(Short text fragments from websites)
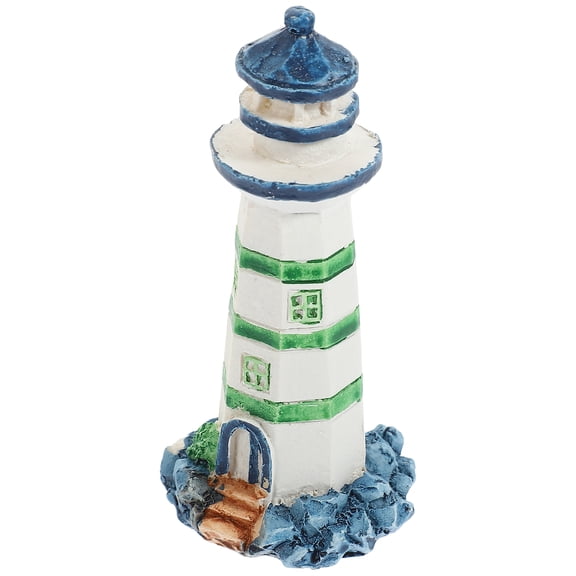 Small Lighthouse Ornaments Bed Room Decor Sculptures Home Fish Tank Decorations Resin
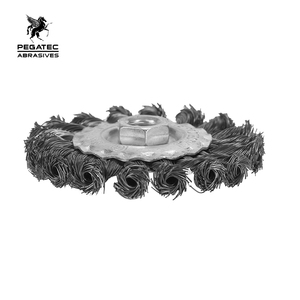 Wholesales Twisted Knot <strong>Wire</strong> <strong>Brushes</strong> Round Steel <strong>Wire</strong> <strong>Brush</strong> with Thread - Product Image 2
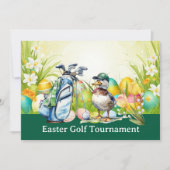 Golf Easter to golfer PARTY invitation  招待状 (正面)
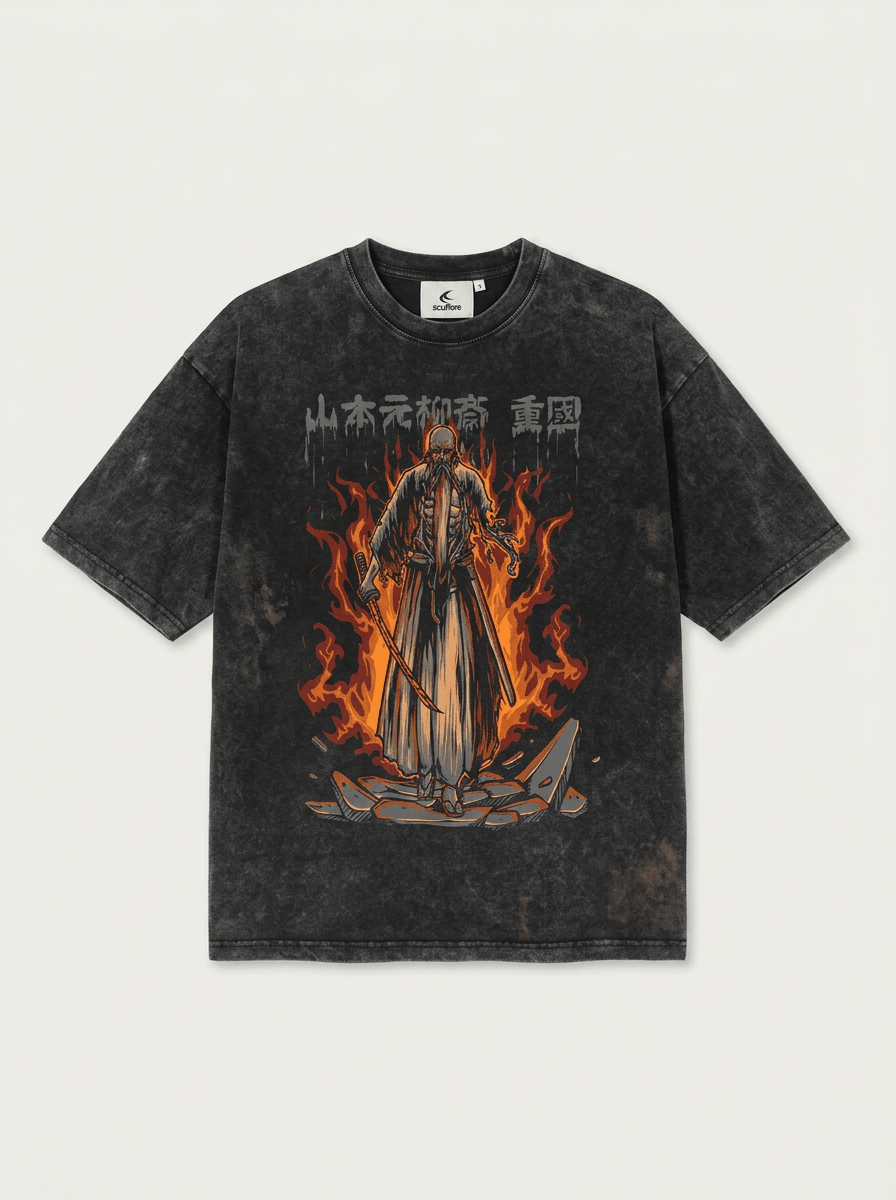 Grandmaster Flame Blade Tee - Tempus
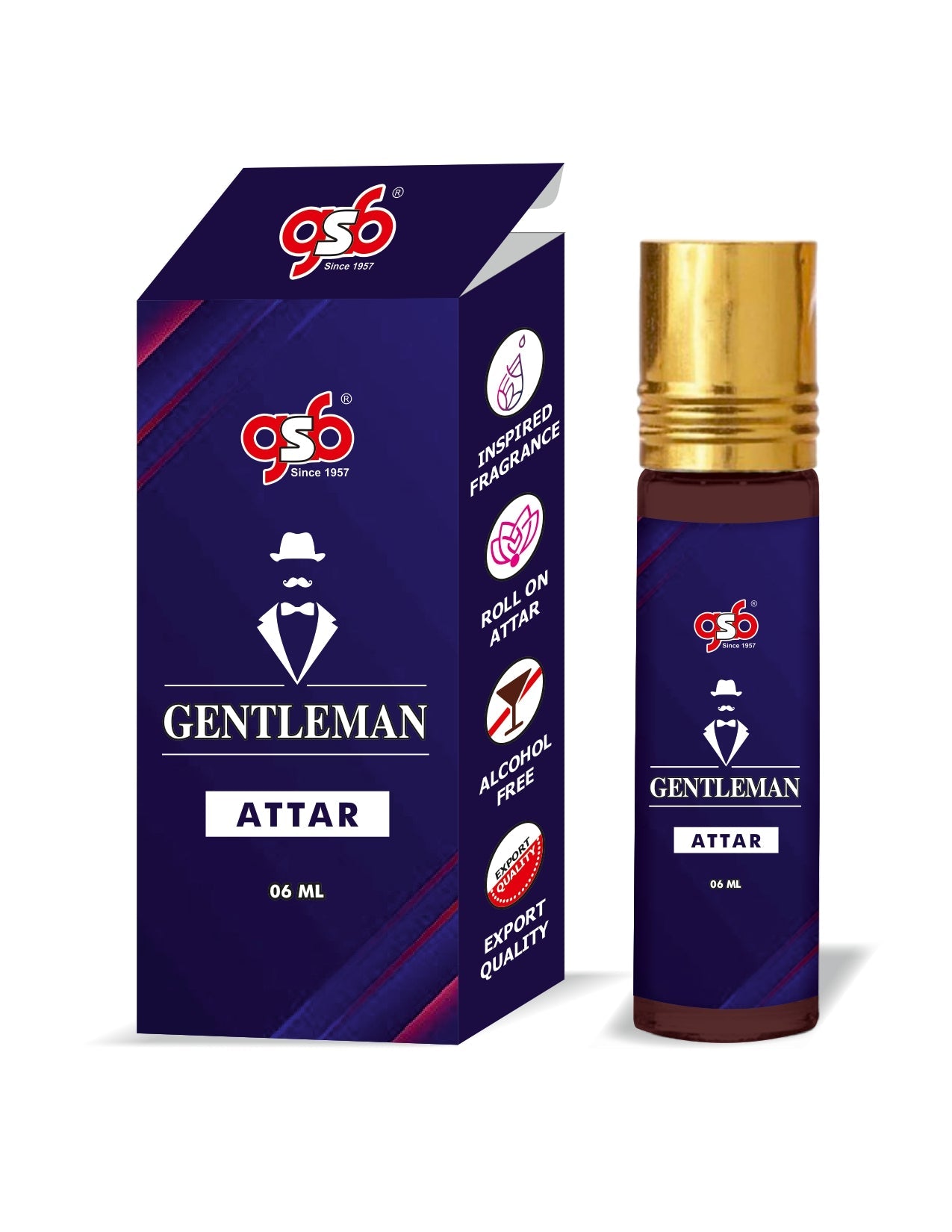 GSB Gentlemen Attar Inspired From Vigenchy Gentlemen | Clone Fragrance | Perfume Roll On | Alcohol Free | Long Lasting | Unisex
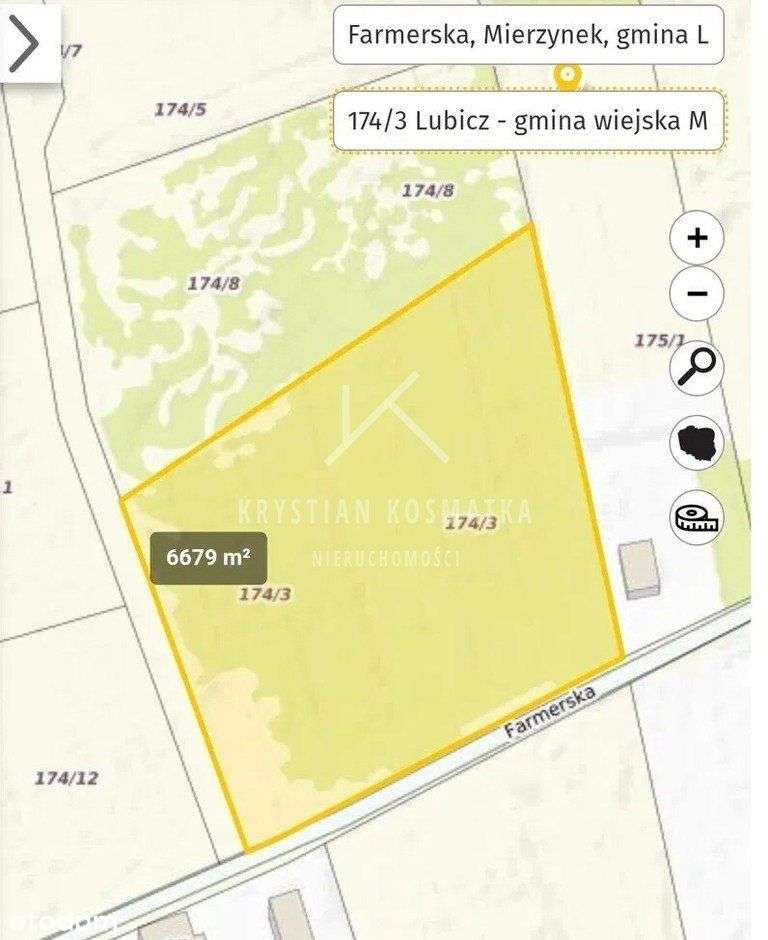 Mierzynek działka na sprzedaż-3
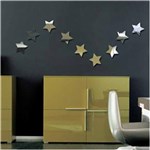 Ficha técnica e caractérísticas do produto Espelhos Decorativos Mini Estrelas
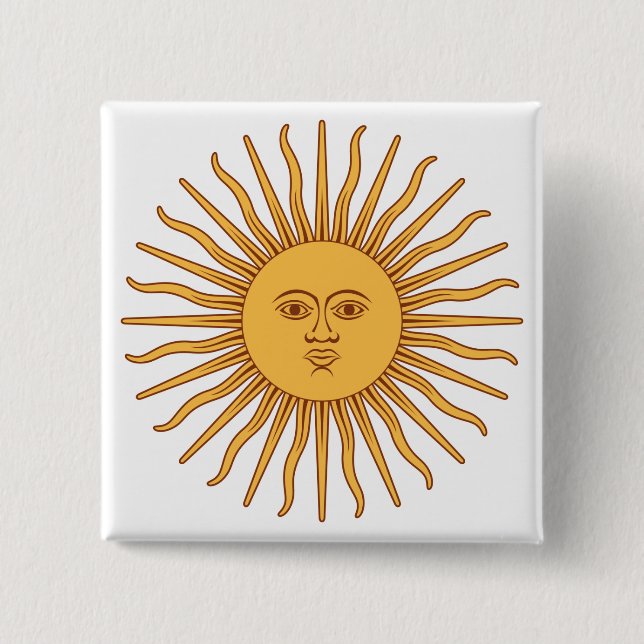 Argentinier Button (Vorderseite)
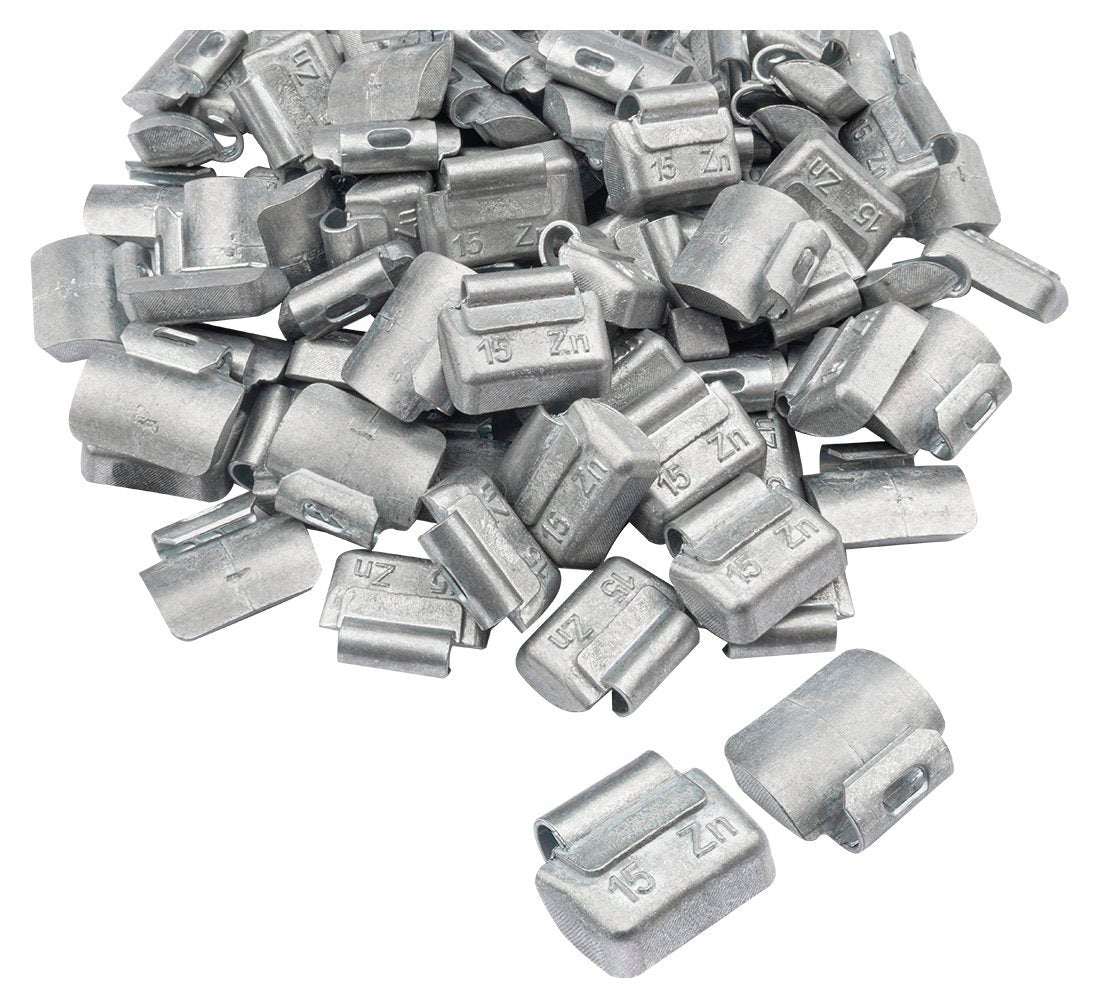 Cutie contragreutati pentru jante de tabla 15 grame - 100 buc - zn 1.55 kg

• **EXERCISE OBJECTIVE**
Hand back exactly the lines from the one with "GSB Gentlemen Attar" through the last line of the data above, both ends included, with every picture left out.

• **TASK SOLUTION**
 GSB Gentlemen Attar Inspired From Vigenchy Gentlemen | Clone Fragrance | Perfume Roll On | Alcohol Free | Long Lasting | Unisex
 Mierzynek działka na sprzedaż-3
 Ficha técnica e caractérísticas do produto Espelhos Decorativos Mini Estrelas
 Argentinier Button (Vorderseite)
 Cutie contragreutati pentru jante de tabla 15 grame - 100 buc - zn 1.55 kg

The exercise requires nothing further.